I shall now proceed to pleasure myself with this fish.


They wrap this up in about six episodes which leaves us with probably 18 more to fill with possibly some of the worst “problem of the week” shennanigans I’ve ever seen.  Episode seven is the beach episode where all we learn is how ignorant they keep the kids of the Franxx project.  Episode eight has a short mech battle in the beginning, but dovetails right into a “We’ve divided the house in two” sit-com situation.  For a few episodes it looks like we could get more mech battles and actual conflict but it sends us straight back to Hiro and Zero Two having to find compatibility again.  That was our first arc already, finding compatibility… The whole “Bird with one wing” speech that gets hammered over and over again.  The series isn’t over as of this writing, as episode 16 released three days ago, but they have time to dip in that well again, oh yes.
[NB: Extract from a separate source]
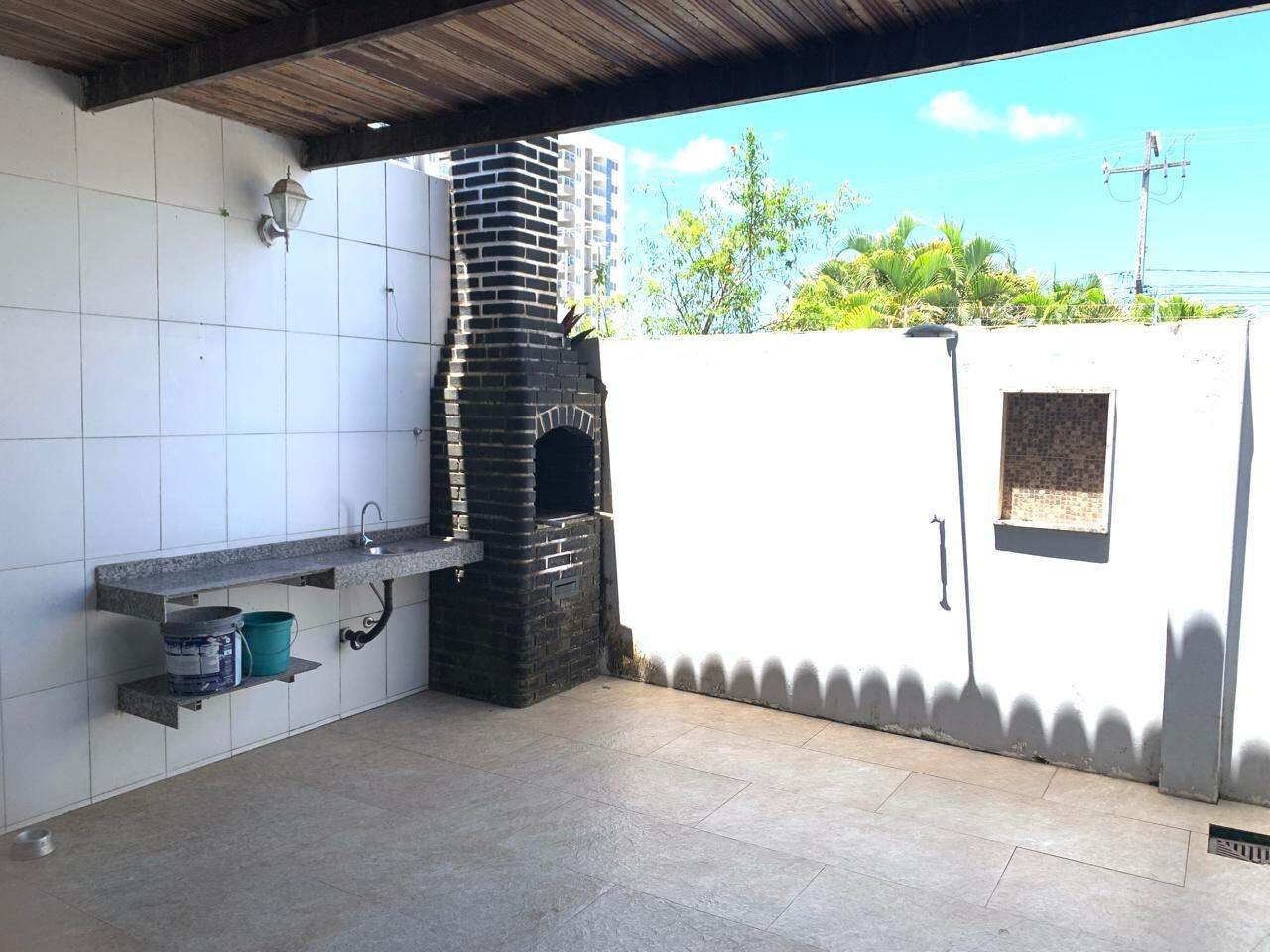 Casa em condominio para aluguel, 4 quartos, 4 suítes, 2 vagas, Jabotiana - Aracaju/SE - Foto 29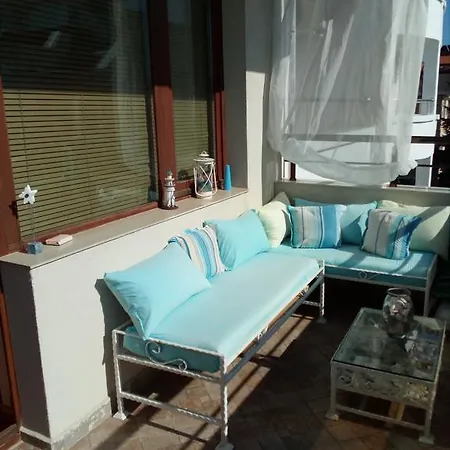 Guest house Prestige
Pfft! Look at their shorts and long sleeves with sock garters exposed! I may not like the mechs but the boys’ uniform design is worse.


So what about the animation?  Honestly it’s alright.  I like studio Trigger’s style even if I don’t like every anime they do.  The voice acting is serviceable and I tell you, were I the target audience age the VAs of Zero Two do a very good job of being interchangeably mysteriously bored, slyly perverted and excited to get to action.  Both the opening and closings are rather weak for what is the most talked about show of the season, but with this many memes churning out over the internet do you really need them to be strong?  You don’t need a hook when you’ve got waifu to bait the trap.


There may be an addendum after the series is over.  Who knows, this may be a kind of yin/yang series that will truly form it’s own as a whole rather than it’s rising and middle acts.  But for now let’s give the verdict.




The Good

– Some really good animation, especially the action (when you can find some)

– A few kernels of interesting plot and background points that could pay off well

– I like how the Klaxosaurs look, not innovative (they are bargin basement NGE “Angels”) but they’re neat to look at.


The Bad

– Apart from Zero Two everyone is just so generically bland character-wise. May be an artistic choice… but a terrible one.

– For a mech anime there is a lot of down time before we get back in the robots after a sortie.

– Those interesting “kernels” are going to either have unsatisfying or no payoff whatsoever.